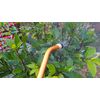 Green Gardener The Bug Blaster Environmentally Friendly Pest Control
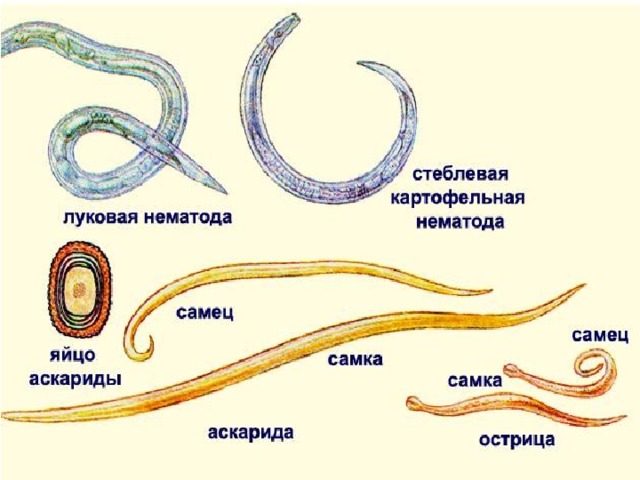 Почему круглых червей. Круглые черви паразитические Острица. Размножение нематод. Тип круглые черви аскарида человеческая. Тип круглые черви представители.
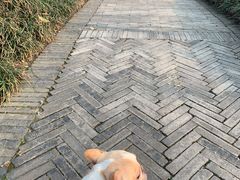 -桤木河湿地公园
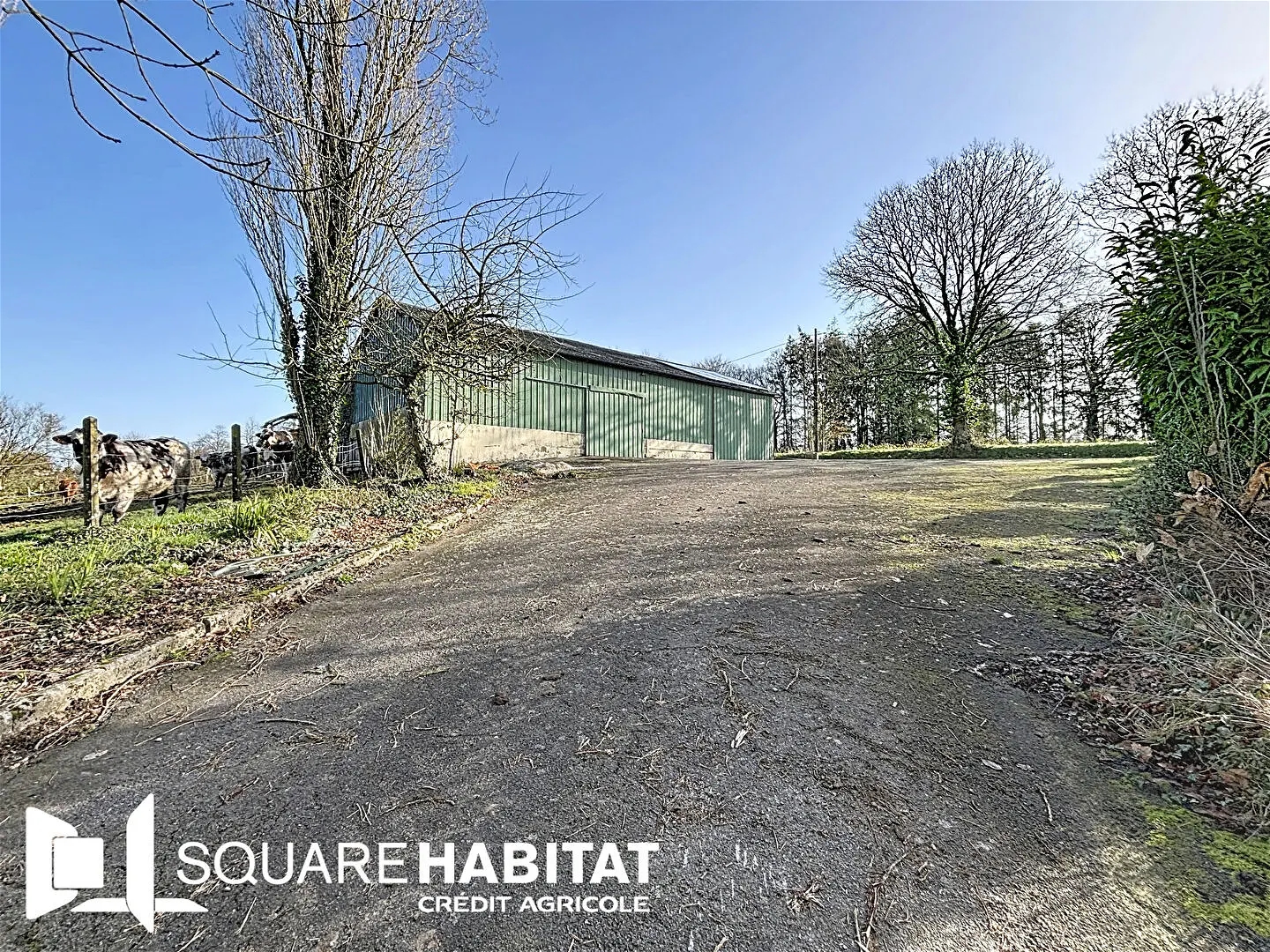 Terrain 231 m²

The task —
The output should be the material above, copied exactly, without its pictures.

Response to this task —
 Green Gardener The Bug Blaster Environmentally Friendly Pest Control
 Почему круглых червей. Круглые черви паразитические Острица. Размножение нематод. Тип круглые черви аскарида человеческая. Тип круглые черви представители.
 -桤木河湿地公园
 Terrain 231 m²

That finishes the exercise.